Living With Obesity: “There’s An Unhealthy Relationship With Food”

Obesity is an epidemic that currently affects one third of South African men and two thirds of South African women. It poses a huge health hazard, as it is associated with diabetes, heart disease and hypertension. The Daily Vox spoke to Dean Ryan* (34) who has had weight problems since he was ten. Ryan is now following a weight loss plan set out for him by a professional.

I knew I had a problem with my weight maybe by the age of ten. It was mainly due to a lack of exercise and lots of incorrect eating.

The first time I intervened with my weight was at the end of 2006. I went on a serious diet and lost about 40kgs. I kept it off for about two years and gained back more than that since. About four weeks ago, I had decided that my weight is impacting on my lifestyle so I have to do something about it. I decided to ask some friends if they knew a dietician because the conventional Noakes diet was too extreme for me. I couldn’t stick to it.

Before my intervention, I wasn’t able to sleep without sleeping tablets. It’s likely due to the fact that I’m insulin-resistant and I was going to bed with a lot of sugar in my blood still, which impacts your health. It can impact on the amount of serotonin in your body, that’s one of the happy hormones that make you sleep easily. When I started following the meal plan, I came off the sleeping tablets, and I’ve been able to sleep.

The real trigger was when blood tests showed my insulin levels were above 50 when they should be below 10 in the morning. My blood sugar was about 6 or 6.2, it should be under 6. That scared me.

Other than that, the obvious problems are difficulty with mobility: getting in and out of the car, bed, that type of thing.

My dietitian has worked out some balanced meal plans and it’s fairly easy to follow. She takes a very holistic approach about weight loss; she tells you what you can and can’t eat. She does an 80/20 or 90/10 approach where you’ve got 21 meals in a week: if you can eat 18 or 19 of them good, and three not so good, you are still doing well.

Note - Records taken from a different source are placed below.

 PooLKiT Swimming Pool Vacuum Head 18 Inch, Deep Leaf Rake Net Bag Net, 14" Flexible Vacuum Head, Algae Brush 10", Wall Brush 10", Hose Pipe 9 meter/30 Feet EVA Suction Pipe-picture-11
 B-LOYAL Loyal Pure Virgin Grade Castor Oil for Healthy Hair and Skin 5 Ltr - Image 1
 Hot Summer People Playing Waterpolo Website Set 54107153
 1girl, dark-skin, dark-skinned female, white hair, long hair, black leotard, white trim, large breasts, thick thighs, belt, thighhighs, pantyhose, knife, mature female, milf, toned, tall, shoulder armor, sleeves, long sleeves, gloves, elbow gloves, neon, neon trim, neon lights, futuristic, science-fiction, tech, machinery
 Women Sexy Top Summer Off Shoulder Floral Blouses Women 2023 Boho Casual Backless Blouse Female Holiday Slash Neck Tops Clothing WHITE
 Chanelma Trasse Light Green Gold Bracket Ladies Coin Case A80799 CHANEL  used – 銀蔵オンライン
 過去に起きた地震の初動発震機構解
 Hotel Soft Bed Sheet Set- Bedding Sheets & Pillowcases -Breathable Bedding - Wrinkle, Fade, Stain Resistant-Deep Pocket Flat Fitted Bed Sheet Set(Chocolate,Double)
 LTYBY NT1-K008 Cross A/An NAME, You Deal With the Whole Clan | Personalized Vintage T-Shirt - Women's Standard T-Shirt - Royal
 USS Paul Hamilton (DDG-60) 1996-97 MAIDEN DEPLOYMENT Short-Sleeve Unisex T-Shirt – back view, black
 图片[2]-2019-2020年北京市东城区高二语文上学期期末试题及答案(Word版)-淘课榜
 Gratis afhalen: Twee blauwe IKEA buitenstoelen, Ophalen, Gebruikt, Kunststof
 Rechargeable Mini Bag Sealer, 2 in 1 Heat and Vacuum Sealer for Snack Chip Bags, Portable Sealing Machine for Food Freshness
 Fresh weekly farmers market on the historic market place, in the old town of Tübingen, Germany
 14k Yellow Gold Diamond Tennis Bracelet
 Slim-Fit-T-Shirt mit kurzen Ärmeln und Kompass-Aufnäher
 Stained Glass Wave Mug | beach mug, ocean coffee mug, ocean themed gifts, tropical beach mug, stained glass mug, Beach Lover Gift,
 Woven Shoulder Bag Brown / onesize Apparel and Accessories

The biggest issue with most obese people is there’s an unhealthy relationship with food, whether it’s mental or physical. There’s studies that say carbohydrates are as addictive as cocaine. It’s an unhealthy relationship. The first thing to do is to realise that you can eat healthily without feeling deprived, and you don’t have to punish yourself to death if you don’t eat healthy.

The difficulty is to enforce that ‘three good meals a day’ routine until it becomes habit. Or else you have a cheat meal, and then a cheat meal becomes two cheat meals, becomes a cheat day, becomes a cheat week… and then the diet’s out the door.

I used to eat takeaways predominantly. Very carbohydrate-rich, refined foods, sedentary lifestyle. I work quite late hours: I go to work fairly late, I stay at work fairly late. I haven’t ever felt the need to have healthy habits like jogging and going to gym; in fact I hate it. Part of that is the fact that you’re overweight, so gym’s not fun and sports isn’t fun.

Now the meals are more balanced, lots of fruit and veg. I try to limit the refined carbohydrates, so no white bread, no white flour, and keep the starches to a minimum. It’s difficult, if you’re used to eating quick takeaways that are designed to be delicious and you’ve got to now re-adjust your tastebuds, with no refined sugars.

The diet is going okay, it’s much slower than the previous diets I used to do. But I don’t feel as deprived. I feel nourished and I’ve got more energy, I’m sleeping less, I’m waking up earlier. It’s amazing what diet can do for you in a period of two, two and a half weeks.

There is a stigma attached to being overweight. It impacts on your lifestyle but it’s more than that. I don’t think people care negatively about how overweight you are as much as you internalise that issue yourself. You lose a bit of self-confidence in the process of gaining weight. We’re all more critical of ourselves than others are. I can’t say I’ve ever been bullied into feeling ashamed of being fat. That might just be my personality.